> _ASSIGNMENT_
Range to output from the entries below: the line containing "VINTAGE PLATINUM AND" through the line containing "May include: Black". Set it down exactly, ends included, nothing else.

[Collected data entries]
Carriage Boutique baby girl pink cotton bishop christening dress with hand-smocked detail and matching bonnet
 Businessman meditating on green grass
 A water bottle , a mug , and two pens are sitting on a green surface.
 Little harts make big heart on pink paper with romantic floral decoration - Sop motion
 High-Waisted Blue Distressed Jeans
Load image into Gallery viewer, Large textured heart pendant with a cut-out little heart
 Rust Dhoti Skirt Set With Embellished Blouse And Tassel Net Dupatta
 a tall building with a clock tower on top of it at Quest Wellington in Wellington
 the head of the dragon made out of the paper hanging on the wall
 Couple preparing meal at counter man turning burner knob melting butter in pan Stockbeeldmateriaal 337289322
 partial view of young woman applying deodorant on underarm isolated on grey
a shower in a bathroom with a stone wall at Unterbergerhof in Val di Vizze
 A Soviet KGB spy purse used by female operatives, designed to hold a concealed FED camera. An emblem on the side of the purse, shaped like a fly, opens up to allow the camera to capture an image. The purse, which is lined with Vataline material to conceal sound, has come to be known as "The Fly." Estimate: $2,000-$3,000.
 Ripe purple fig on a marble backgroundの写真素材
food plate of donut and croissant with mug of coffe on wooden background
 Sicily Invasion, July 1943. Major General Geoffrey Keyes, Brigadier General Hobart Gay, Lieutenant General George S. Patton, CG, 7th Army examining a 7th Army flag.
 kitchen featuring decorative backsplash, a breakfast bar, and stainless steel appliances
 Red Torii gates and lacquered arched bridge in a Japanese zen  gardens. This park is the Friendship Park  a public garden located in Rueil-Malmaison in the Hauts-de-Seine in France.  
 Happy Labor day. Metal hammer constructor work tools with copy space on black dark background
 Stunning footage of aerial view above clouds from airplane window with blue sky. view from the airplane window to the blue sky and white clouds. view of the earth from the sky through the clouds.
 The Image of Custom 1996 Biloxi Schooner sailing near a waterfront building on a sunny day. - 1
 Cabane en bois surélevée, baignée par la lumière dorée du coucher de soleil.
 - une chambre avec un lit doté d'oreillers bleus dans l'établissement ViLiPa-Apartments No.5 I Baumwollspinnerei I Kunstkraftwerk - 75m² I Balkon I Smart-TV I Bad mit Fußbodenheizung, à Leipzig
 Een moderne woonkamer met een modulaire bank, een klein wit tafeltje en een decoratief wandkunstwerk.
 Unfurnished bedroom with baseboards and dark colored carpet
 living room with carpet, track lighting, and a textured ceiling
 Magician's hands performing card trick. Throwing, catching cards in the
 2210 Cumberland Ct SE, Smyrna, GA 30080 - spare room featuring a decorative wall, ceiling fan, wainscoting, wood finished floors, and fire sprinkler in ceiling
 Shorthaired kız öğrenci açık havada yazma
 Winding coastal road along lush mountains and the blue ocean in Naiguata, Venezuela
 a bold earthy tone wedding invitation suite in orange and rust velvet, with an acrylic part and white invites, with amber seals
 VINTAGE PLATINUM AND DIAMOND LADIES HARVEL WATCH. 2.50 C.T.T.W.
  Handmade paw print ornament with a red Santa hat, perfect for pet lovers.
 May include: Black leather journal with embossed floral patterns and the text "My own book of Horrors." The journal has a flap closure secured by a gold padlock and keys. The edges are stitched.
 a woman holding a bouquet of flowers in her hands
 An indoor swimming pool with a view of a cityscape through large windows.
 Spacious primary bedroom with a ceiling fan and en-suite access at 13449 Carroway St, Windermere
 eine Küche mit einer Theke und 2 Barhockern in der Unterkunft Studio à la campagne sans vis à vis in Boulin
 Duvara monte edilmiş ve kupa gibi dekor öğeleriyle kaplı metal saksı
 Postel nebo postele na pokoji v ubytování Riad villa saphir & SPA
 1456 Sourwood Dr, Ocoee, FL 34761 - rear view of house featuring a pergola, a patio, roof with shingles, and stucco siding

> _SOLUTION FOR THIS TASK_
 VINTAGE PLATINUM AND DIAMOND LADIES HARVEL WATCH. 2.50 C.T.T.W.
  Handmade paw print ornament with a red Santa hat, perfect for pet lovers.
 May include: Black leather journal with embossed floral patterns and the text "My own book of Horrors." The journal has a flap closure secured by a gold padlock and keys. The edges are stitched.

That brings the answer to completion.